Question

The remainder when ${{\left( 2017 \right)}^{2018}}+{{\left( 2018 \right)}^{2019}}+{{\left( 2019 \right)}^{2020}}$ is divided by $5$ is
$\begin{align}
  & \left( A \right)2 \\
 & \left( B \right)4 \\
 & \left( C \right)3 \\
 & \left( D \right)0 \\
\end{align}$

Answer 1

Hint: We work on the unit’s place digit for these problems. At first, we find the cycle for the powers of the numbers, that is, the power after which the unit’s place digit repeats itself. We then express the power as an integer multiple of that cycle and then find the unit’s place digit for that term. We then find all the unit’s place digit for all the terms and dividing the sum by $5$ gives us the remainder.

Complete step by step answer:
Since $5$ is a single digit number, therefore only the unit’s place digit of the entire expression will matter in finding out the remainder . the given expression is
${{\left( 2017 \right)}^{2018}}+{{\left( 2018 \right)}^{2019}}+{{\left( 2019 \right)}^{2020}}$
Let us first start with ${{\left( 2017 \right)}^{2018}}$ . The unit’s place digit of $2017$ is $7$ . Every digit has a cyclic behaviour of powers, that is, the unit’s place digit repeats itself after each definite interval.

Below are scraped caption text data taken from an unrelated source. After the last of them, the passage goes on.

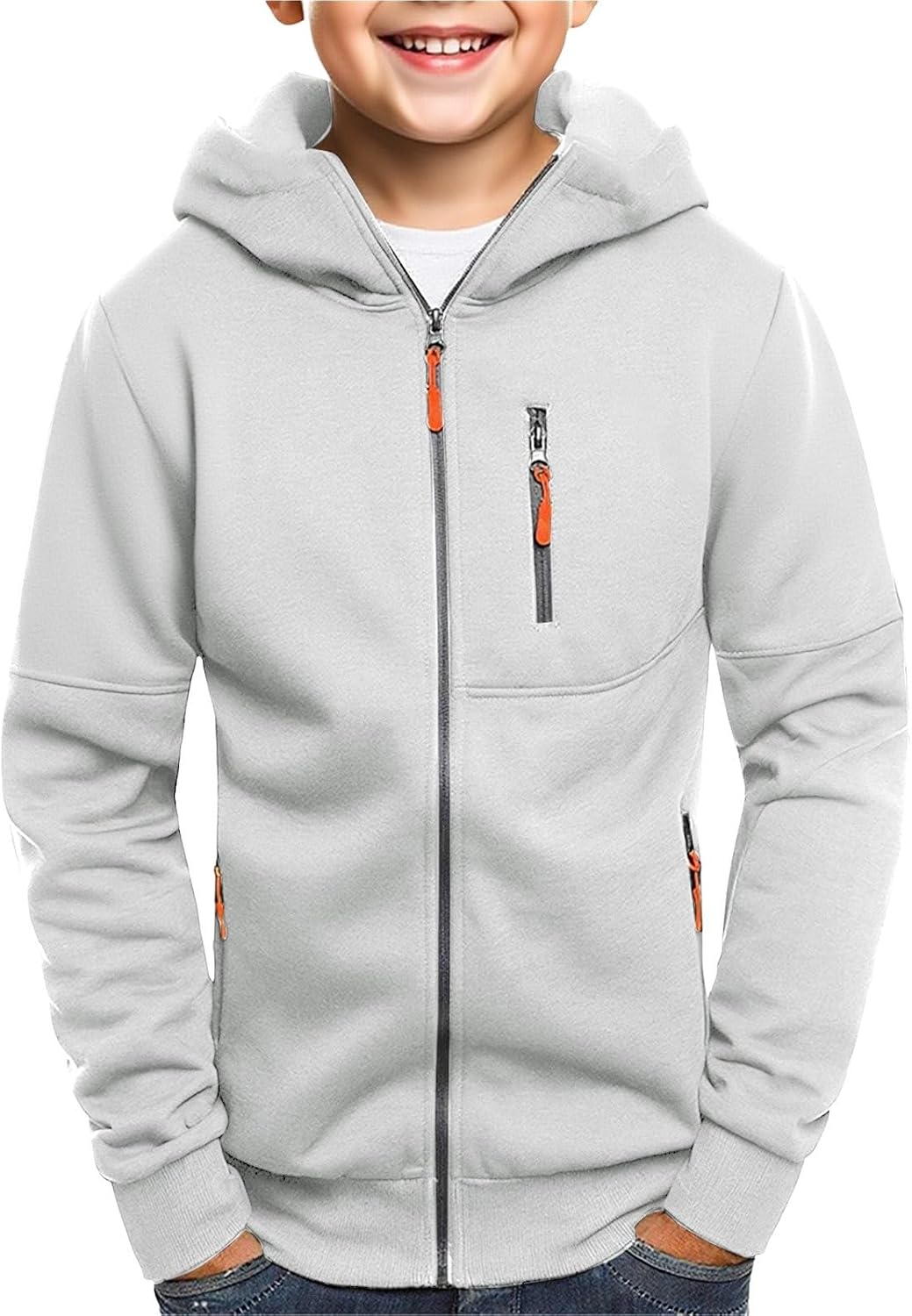 Boys Zip Up Hoodie Oversized Basic Athletic Sweatshirt Trendy Preppy Long Sleeve Hooded Pullover Soft Casual Loose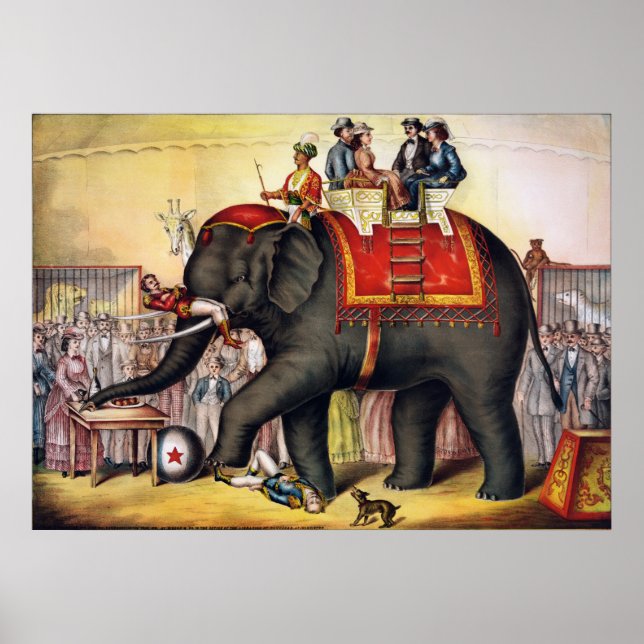 Vintage Circus Poster - Performing elephant (Front)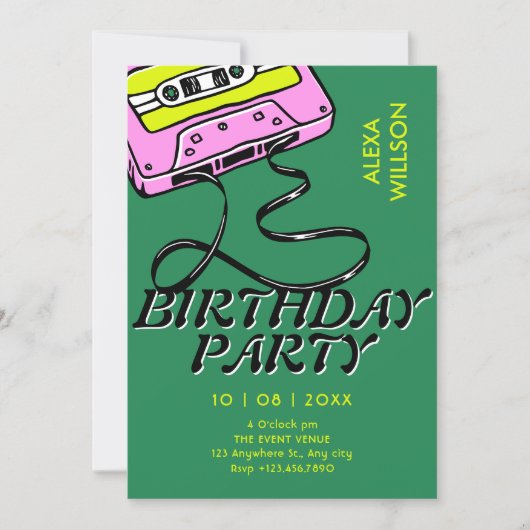 Cassette retro birthday einladung (Vorderseite)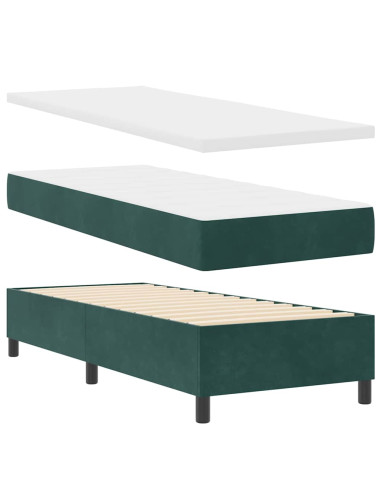 Letto a molle con materasso Verde Scuro 80 x 200 cm Velluto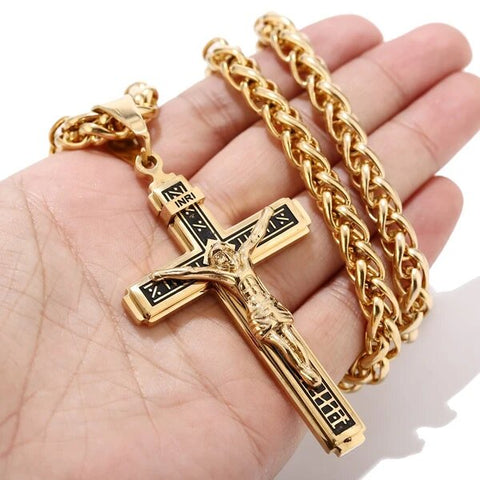 Catholic Jesus Christ Crucifix Stainless Steel Pendant Necklace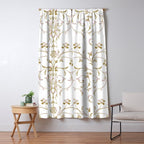 Elegant Antique Baroque White & Gold Scroll Pattern Window Curtain Gallery Image 5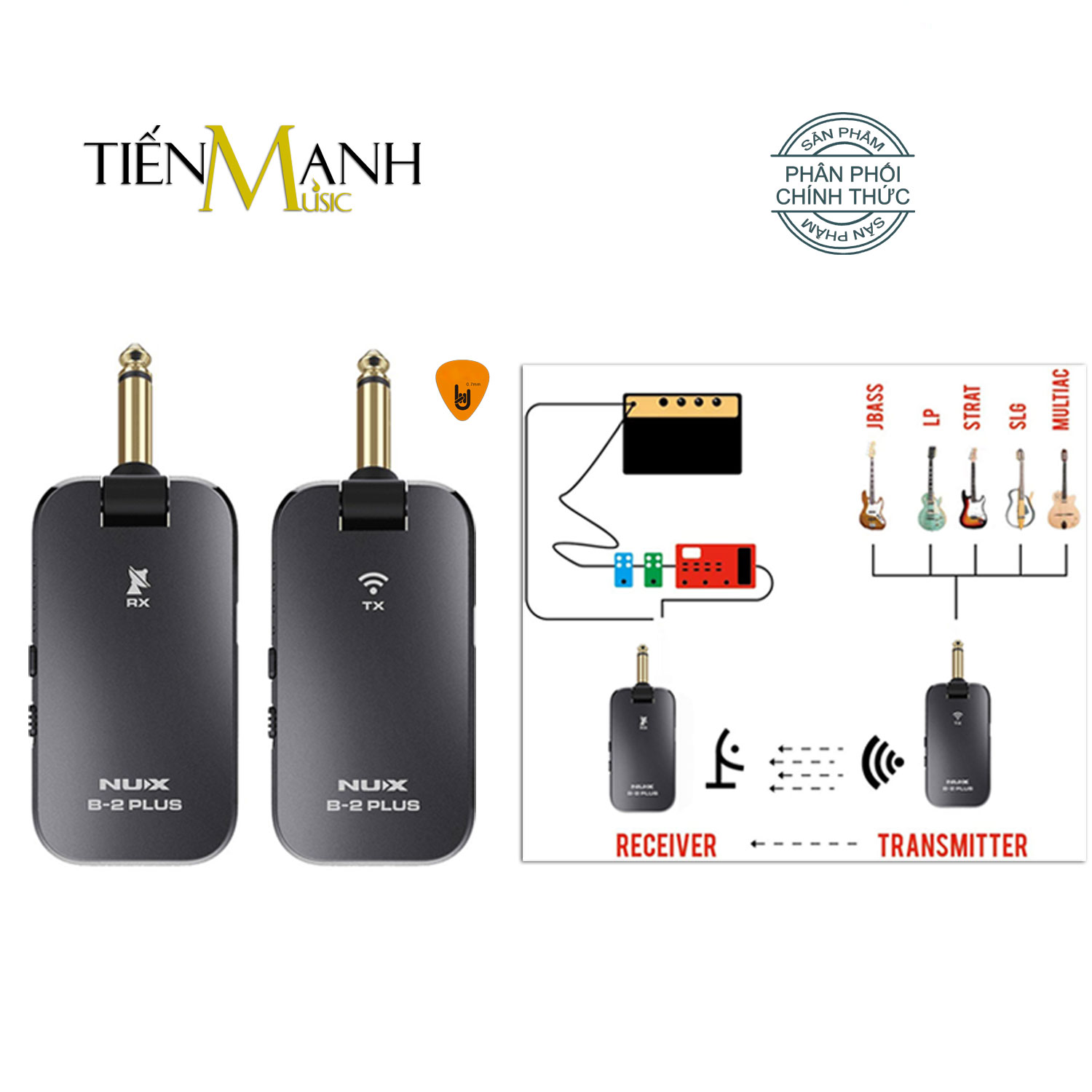 Nux B2 Plus Bộ Thu Phát Tín Hiệu Không Dây 2.4Ghz Wireless System (Dùng cho Đàn Guitar và mọi loại Nhạc Cụ - Pin sạc B-2 Relay) - Kèm Móng Gẩy DreamMaker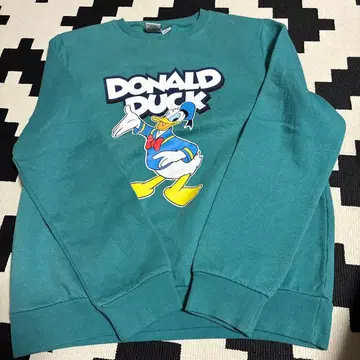 디즈니 도널드 덕 프린트 맨투맨 그린 M
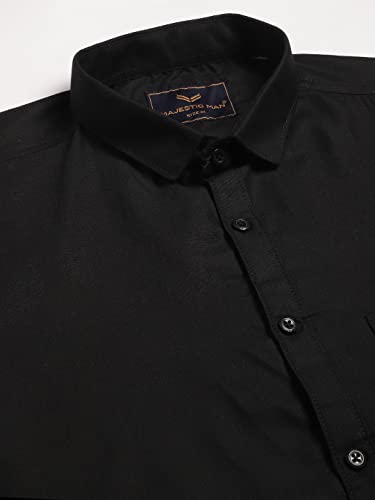 Image of Majestic Man Slim Fit Solid Cotton Blend Formal Shirt for Men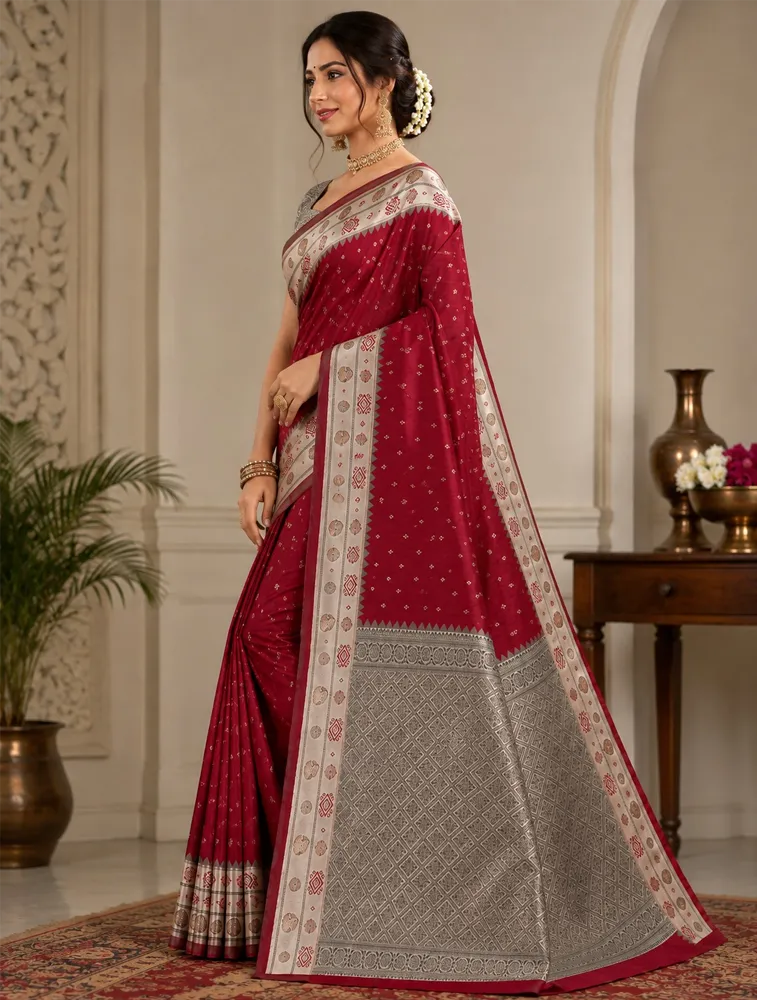 Rose Red Womens Premium Semi Gadwal Saree With Turning Border
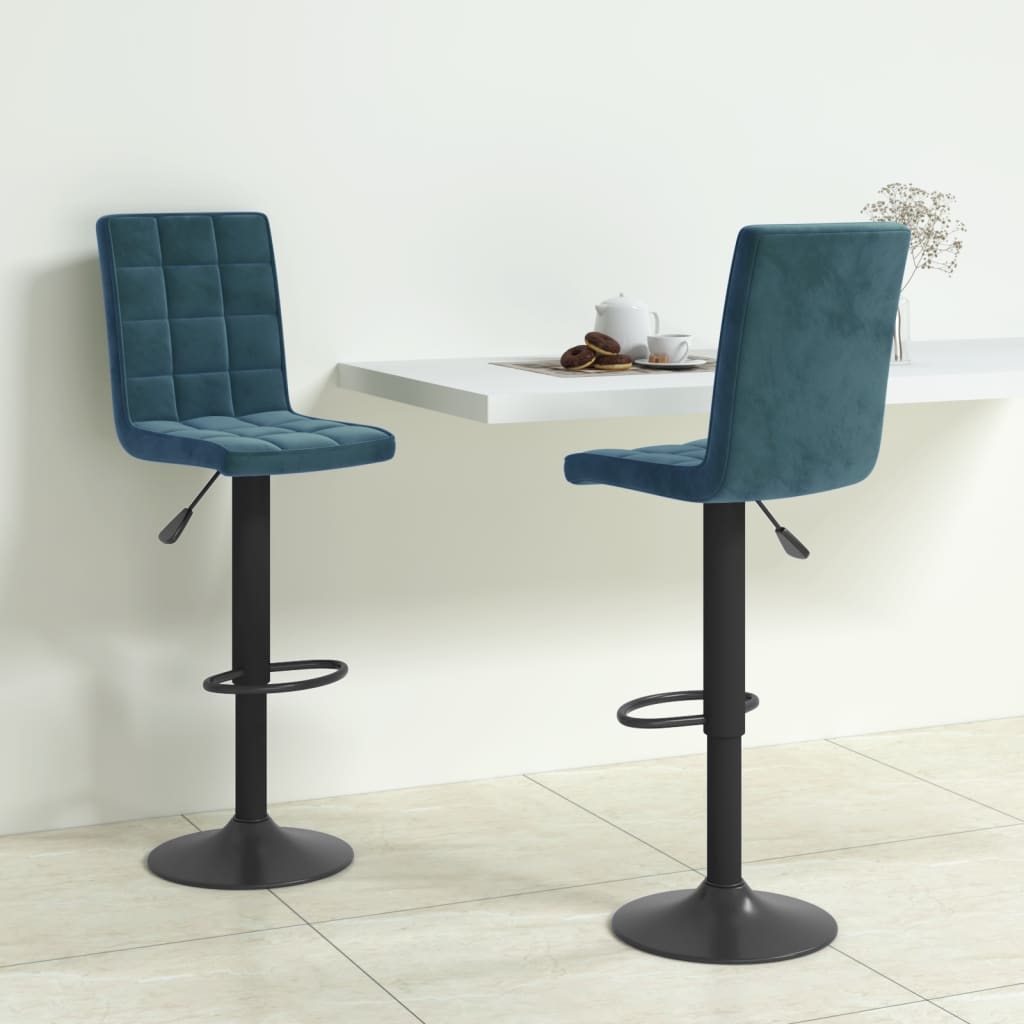 Tabourets de bar lot de 2 bleu velours - XIOS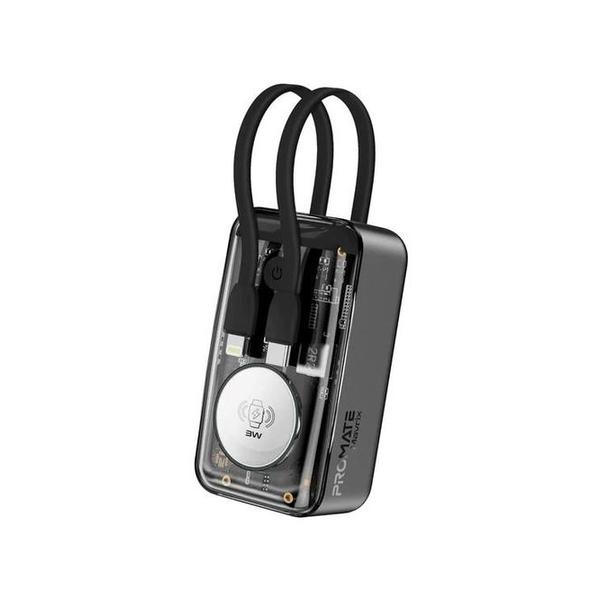 Promate Mavrix 35W Transparent Smartphone and Apple Watch Charging Power Bank with USB-C & Lightning Cable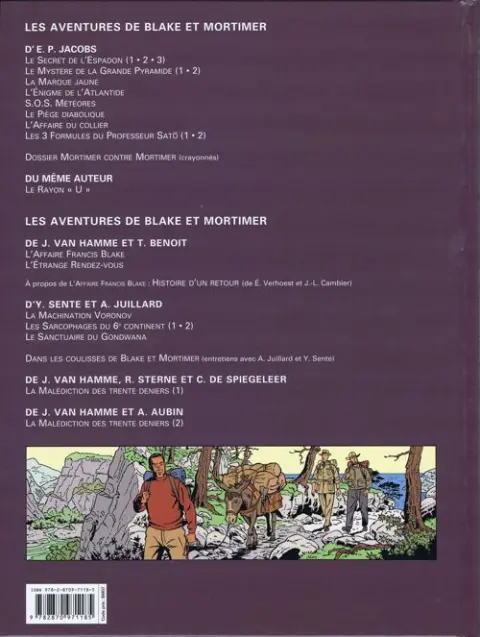 Verso de l'album Blake et Mortimer Tome 20 La Malédiction des trente deniers - Tome 2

For example,
$\begin{align}
  & {{2}^{1}}=2 \\
 & {{2}^{2}}=4 \\
 & {{2}^{3}}=8 \\
 & {{2}^{4}}=16 \\
 & {{2}^{5}}=32 \\
\end{align}$
We can see that after the fourth power, the unit’s place digit becomes $2$ again. So, the cycle of $2$ is $4$ . If we express the power in the form $4n+a$ , then $a$ determines the unit’s place digit.
Similarly,
$\begin{align}
  & {{7}^{1}}=2 \\
 & {{7}^{2}}=49 \\
 & {{7}^{3}}=343 \\
 & {{7}^{4}}=2401 \\
 & {{7}^{5}}=16807 \\
\end{align}$
Thus, the cycle of $7$ is $4$ . We express the power of $2017$ , which is $2018$ as $4\left( 504 \right)+2$ . We see that the remainder being $2$ , all that matters for the unit’s place digit is this power $2$ . ${{7}^{2}}=49$ , which has the unit’s place digit $9$ . Thus, the unit’s place digit of ${{\left( 2017 \right)}^{2018}}$ is $9$ .
Proceeding as above for ${{\left( 2018 \right)}^{2019}}$ , the cycle for $8$ is also $4$ . We express the power of $2018$ , which is $2019$ as $4\left( 504 \right)+3$ . We see that the remainder being $3$ , all that matters for the unit’s place digit is this power $3$ . ${{8}^{3}}=512$ , which has the unit's place digit $2$ . Thus, the unit’s place digit of ${{\left( 2018 \right)}^{2019}}$ is $2$ .
Proceeding as above for ${{\left( 2019 \right)}^{2020}}$ , the cycle for $9$ is $2$ . We express the power of $2019$ , which is $2020$ as $2\left( 1010 \right)+0$ . We see that the remainder being $0$ , all that matters for the unit’s place digit is this power $0$ . ${{9}^{0}}=1$ , which has the unit's place digit $1$ . Thus, the unit’s place digit of ${{\left( 2019 \right)}^{2020}}$ is $1$ .
The sum of the unit’s place digit for the entire expression is thus,
$9+2+1=12$
Since, $12$ is greater than $5$ , we cannot say that the remainder is $12$ . So, we need to again divide this $12$ by $5$ which gives $2$ as remainder.
Therefore, we can conclude that the remainder when ${{\left( 2017 \right)}^{2018}}+{{\left( 2018 \right)}^{2019}}+{{\left( 2019 \right)}^{2020}}$ is divided by $5$ is $2$ .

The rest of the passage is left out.